Po analizie zdjęć, badacze odkryli, że forty były rozsiane po całym regionie, a nie tylko tworzyły linę obronną z północy na południe. To sugeruje, że miały one inny cel niż wcześniej sądzono. Być może były one wykorzystywane do ochrony karawan handlowych i ułatwiania komunikacji między wschodem a zachodem, a nie tylko do obrony przed najazdami.
Imperium Rzymskie
.To odkrycie rzuca nowe światło na nasze postrzeganie granic Imperium Rzymskiego. Okazuje się, że Rzymianie, mimo iż byli społeczeństwem militarystycznym, cenili sobie handel i komunikację z terenami, które nie były pod ich bezpośrednią kontrolą. Możliwe więc, że wschodnia granica Imperium Rzymskiego nie była miejscem ciągłych konfliktów.
Ważnym aspektem tego odkrycia jest ukazanie jak ważne w obecnych czasach są zdjęcia satelitarne, również te z poprzedniego wieku. Jak zauważa profesor Jesse Casana, wiele z fortów odkrytych przez Poidebarda już nie istnieje, została zniszczona przez urbanizację lub rolnictwo. W ciągu nieco ponad stu pięćdziesięciu lat straciliśmy wiele miejsc archeologicznych. Dlatego tak ważne jest, by korzystać z nowych technologii i zasobów, takich jak zdjęcia satelitarne, do dokumentowania i zachowywania dziedzictwa kulturowego.

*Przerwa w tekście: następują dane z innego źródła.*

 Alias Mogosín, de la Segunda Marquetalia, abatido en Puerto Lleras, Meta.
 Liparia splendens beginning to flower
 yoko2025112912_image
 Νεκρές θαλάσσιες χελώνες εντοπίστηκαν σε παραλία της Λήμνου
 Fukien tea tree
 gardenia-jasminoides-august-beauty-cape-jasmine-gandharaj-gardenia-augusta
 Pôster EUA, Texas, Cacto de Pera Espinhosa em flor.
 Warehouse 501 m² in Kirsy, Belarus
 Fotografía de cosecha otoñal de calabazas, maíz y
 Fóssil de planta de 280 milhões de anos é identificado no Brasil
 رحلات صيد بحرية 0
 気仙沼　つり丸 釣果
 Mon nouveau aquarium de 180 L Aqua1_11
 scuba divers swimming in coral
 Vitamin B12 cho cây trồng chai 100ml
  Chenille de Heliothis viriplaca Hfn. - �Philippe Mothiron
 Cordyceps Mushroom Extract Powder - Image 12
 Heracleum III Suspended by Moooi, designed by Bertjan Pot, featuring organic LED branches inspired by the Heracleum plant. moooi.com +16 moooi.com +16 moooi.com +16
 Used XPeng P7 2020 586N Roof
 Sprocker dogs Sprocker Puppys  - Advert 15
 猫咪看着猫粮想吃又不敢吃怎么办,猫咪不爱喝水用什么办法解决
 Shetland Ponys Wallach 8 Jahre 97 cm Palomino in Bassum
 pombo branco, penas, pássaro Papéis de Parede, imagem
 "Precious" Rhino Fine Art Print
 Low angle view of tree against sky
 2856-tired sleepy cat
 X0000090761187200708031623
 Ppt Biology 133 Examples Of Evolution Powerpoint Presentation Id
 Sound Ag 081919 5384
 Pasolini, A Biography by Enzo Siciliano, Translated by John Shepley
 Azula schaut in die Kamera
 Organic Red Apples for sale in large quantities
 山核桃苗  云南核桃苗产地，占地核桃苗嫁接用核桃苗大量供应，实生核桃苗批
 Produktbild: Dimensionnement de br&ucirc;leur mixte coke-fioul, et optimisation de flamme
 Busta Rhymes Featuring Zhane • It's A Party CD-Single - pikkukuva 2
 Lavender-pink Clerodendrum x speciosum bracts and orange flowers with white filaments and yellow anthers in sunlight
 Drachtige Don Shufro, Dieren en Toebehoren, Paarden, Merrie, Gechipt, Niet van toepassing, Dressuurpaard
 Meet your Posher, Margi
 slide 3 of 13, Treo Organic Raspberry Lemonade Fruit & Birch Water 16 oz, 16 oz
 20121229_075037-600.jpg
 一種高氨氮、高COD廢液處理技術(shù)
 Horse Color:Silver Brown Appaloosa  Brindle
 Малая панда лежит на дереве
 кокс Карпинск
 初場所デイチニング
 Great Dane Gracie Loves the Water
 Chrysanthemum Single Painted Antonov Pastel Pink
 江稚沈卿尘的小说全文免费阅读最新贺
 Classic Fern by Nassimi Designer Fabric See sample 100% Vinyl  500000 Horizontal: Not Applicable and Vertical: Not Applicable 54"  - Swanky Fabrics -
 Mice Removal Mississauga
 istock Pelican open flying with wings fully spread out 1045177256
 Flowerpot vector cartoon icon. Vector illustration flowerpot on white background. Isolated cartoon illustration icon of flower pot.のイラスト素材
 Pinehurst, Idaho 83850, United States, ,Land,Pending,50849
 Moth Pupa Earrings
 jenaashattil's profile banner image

Profesor Jesse Casana wierzy, że w miarę jak więcej takich zdjęć zostanie ujawnionych, dokonamy jeszcze wielu fascynujących odkryć nie tylko na Bliskim Wschodzie, ale i w innych częściach świata. W erze cyfrowej archeologia zyskuje nowe, potężne narzędzia badawcze, które pozwalają na głębsze zrozumienie przeszłości naszej cywilizacji.
Zapomniane światy
.Zastępca Redaktora Naczelnego „Wszystko co Najważniejsze”, Michał KŁOSOWSKI, w tekście „Sens zapomnianych światów„, zaznacza, że: „Bo ostatecznie to tego właśnie się zawsze szuka – oznak sensu, okruchów celu, artefaktów myśli, przebłysków dążenia do czegoś więcej, nawet jeśli miałoby być to po prostu antyczne bogactwo w postaci monet czy kolejna piramida. Każda prosta linia kamieni z epoki brązu czy żelaza świadczy przecież o jakimś przebłysku myśli i celu. Biorąc to pod uwagę, nie powinno dziwić, że archeologia swoje triumfy święci w Polsce, kraju skazanym na wieczną tymczasowość, zawieszonym w historii ostatnich dwustu lat ciągle „pomiędzy”, ciągle z potrzebą odbudowy i koniecznością poszukiwania sensu”.
„Poza tym wszystkim zadajemy pytania: dlaczego neandertalczyk, chowając bliskich w irańskiej jaskini Szanidar, pozostawiał im na ostatnią drogę malunki i wonne kwiaty? Albo jak to było z koczowniczymi ludami Wielkiego Stepu? Co ciągnęło je na zachód? Dlaczego Germanie tak nienawidzili Rzymu, a Wandalowie nie mogli zostawić stolicy imperium w spokoju? Co łączy koniec złotego okresu kultury Pueblo z małą epoką lodowcową i jaki jest sens tych malunków naskalnych, odkrywanych pod każdą szerokością geograficzną? Może nie na wszystko znajduje się odpowiedzi, może nie zawsze ma się do dyspozycji najnowszy sprzęt, radary i drony. Ale jest pasja, której nie da się przecenić. I są pytania, które nie dają spokoju. Przecież egipska cywilizacja nie mogła przyjść z ciemności wnętrza kontynentu, musiała przyjść od strony światła. Życie nie bierze w końcu początku z mroku, ale z jasności” – dodaje Michał KŁOSOWSKI.